In our own material we observed 10 times more lymph vessels in the surroundings of the tumor in comparison with the area inside the renal cancer. In the researched group, the average number of vessels ITL was 1.3, and PTL was 13. The above data prove the previous observations that lymphangiogenesis is present in renal cancer in a lower degree than in angiogenesis. This may explain why RCC metastases occur more often by bloodstream than by the lymphatic system. In the case of ITL vessels number, we found statistically important differences in groups of patients differing in clinical course of disease. The number of ITL vessels in the group without metastases was more than 3 times lower than in the group of patients with metastases after surgeries and during the diagnosis of a renal tumor. The analysis regarding the dichotomic division of preparations with the average ITL value of ≥1 and <1 showed that the ITL number ≥1 is associated with higher risk of metastases to local lymph nodes and with higher risk of metastases after radical surgery because of the renal cancer.
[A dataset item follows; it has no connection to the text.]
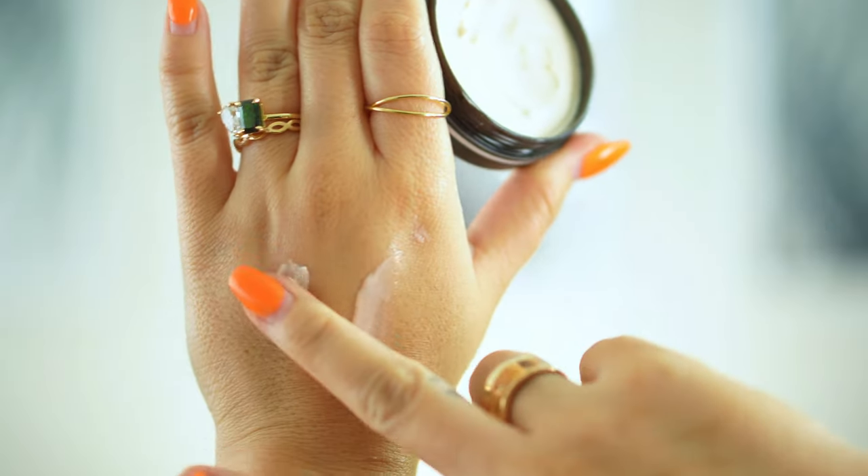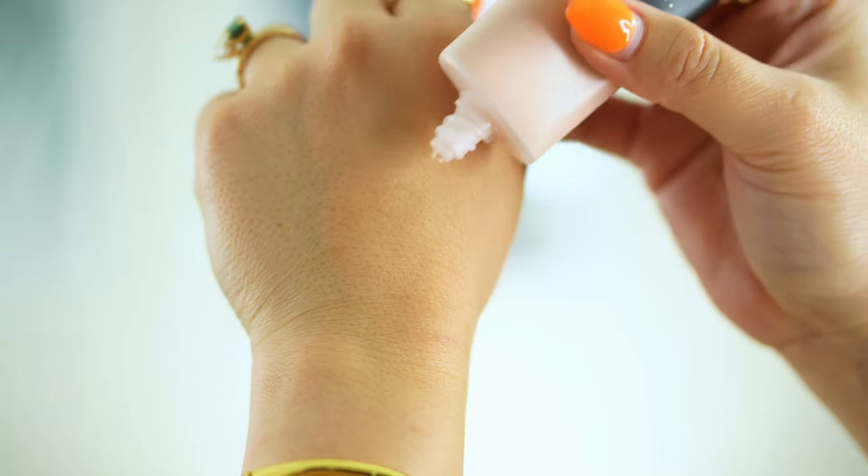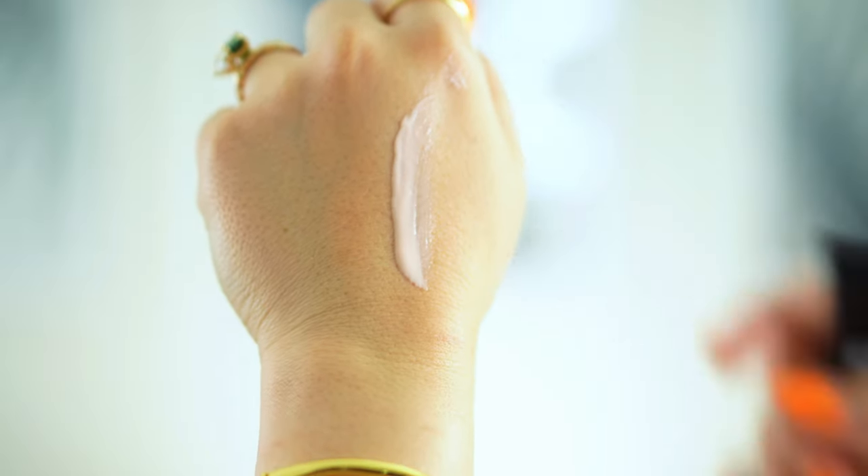You can actually tell these are extremely different texture-wise. The putty primer is very creamy, almost like whipped cream, while the liquid one is extremely liquidy — almost like lotion. On my hand they look very similar, but I really like how the liquid looks: more luminous, smooth, and silky, compared to the putty side which looks a bit thicker. I'm going in with the putty version first on my right side, and now applying the liquid poreless putty primer on the other side, blending it into my skin.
In the researched group, we were able to find positive ITL associations between many factors of clinical and pathological character with degree of pathologic condition of lymph nodes (pN), degree of differentiation according to Fuhrman (G), degree of severity according to AJCC, and with progress of cancer after the surgery. In the matter of PTL, we observed counter-correlations between, among others, pathological degree of severity (pT) and degree of differentiation according to Fuhrman (G).
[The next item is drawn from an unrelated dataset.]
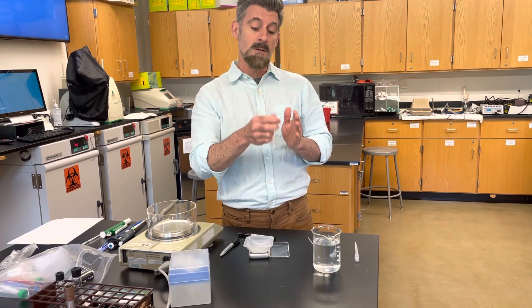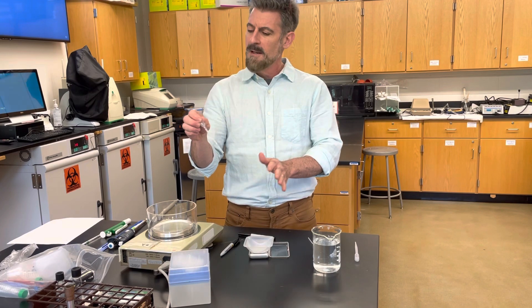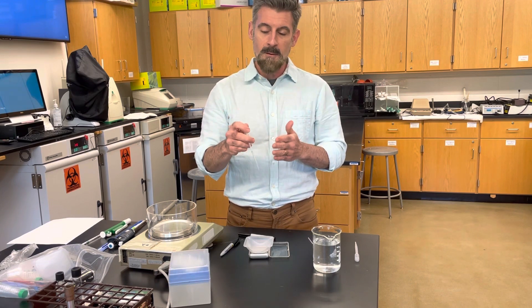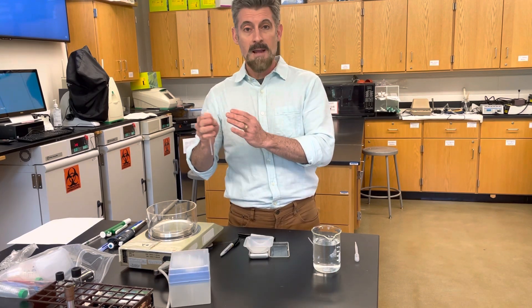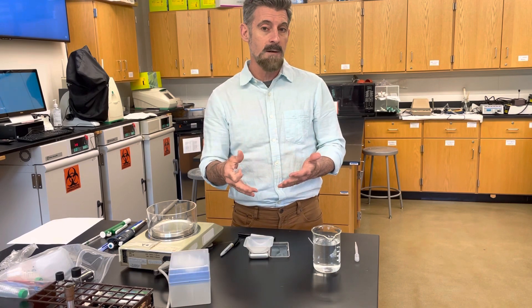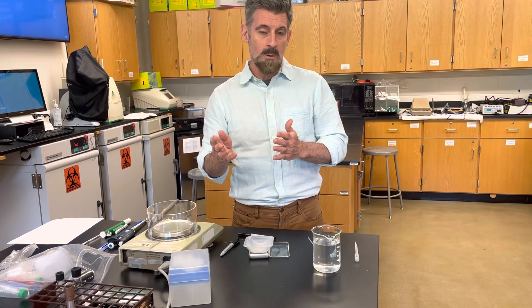What we're going to do is a laboratory that both looks at pipetting and helps you practice your pipetting technique, because when you do this in future labs it has to be fairly precise. This lab is really about precision versus accuracy, and we're going to use the weight of water as a way to calculate those two things.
Threshold value of the number of lymphatic vessels within a tumor (ITL >0.2) and outside it (PTL ≥15.2) that was determined in ROC analysis, enabled the prediction of clear cell cancer after radical treatment with sensitivity of 48.2% and 78.6% and specificity of 86.7% and 45.3%. Analogically determined threshold values for ordinary predictive factors, ie, the grade (G >2) and local severity (pT >1b), showed comparable test sensitivity and specificity.

There were no significant differences found when comparing the curves of time and occurrence of the disease in 2 groups above and below ITL and PTL values determined through ROC curves. In the matter of cancer-specific survival in the groups of patients differing with the cut-off value determined through ROC curves, we found significantly lower survival in the groups of ITL >0.2 and PTL ≥15.2. During the analysis of the cancer-specific survival curves, in a group of patients with intratumoral lymphatics (ITL), we observed significantly shorter survival in comparison with the group without ITL.

Conclusions

Our results prove a promising predictive value of examining lymphangiogenesis in the case of renal cancer. The number of lymphatic vessels in clear cell renal cell cancer (ccRCC) is significantly lower than in the regular renal tissue. Lymphangiogenesis shows an association with researched features of clinical and pathological character in ccRCC. An increased number of lymphatic vessels within a tumor (ITL) is connected with more severe forms of the cancer and with risk of metastases. ITL and PTL parameters show association with the cancer-specific survival. They also enable the identification of the patients who are at the highest risk of having the metastases.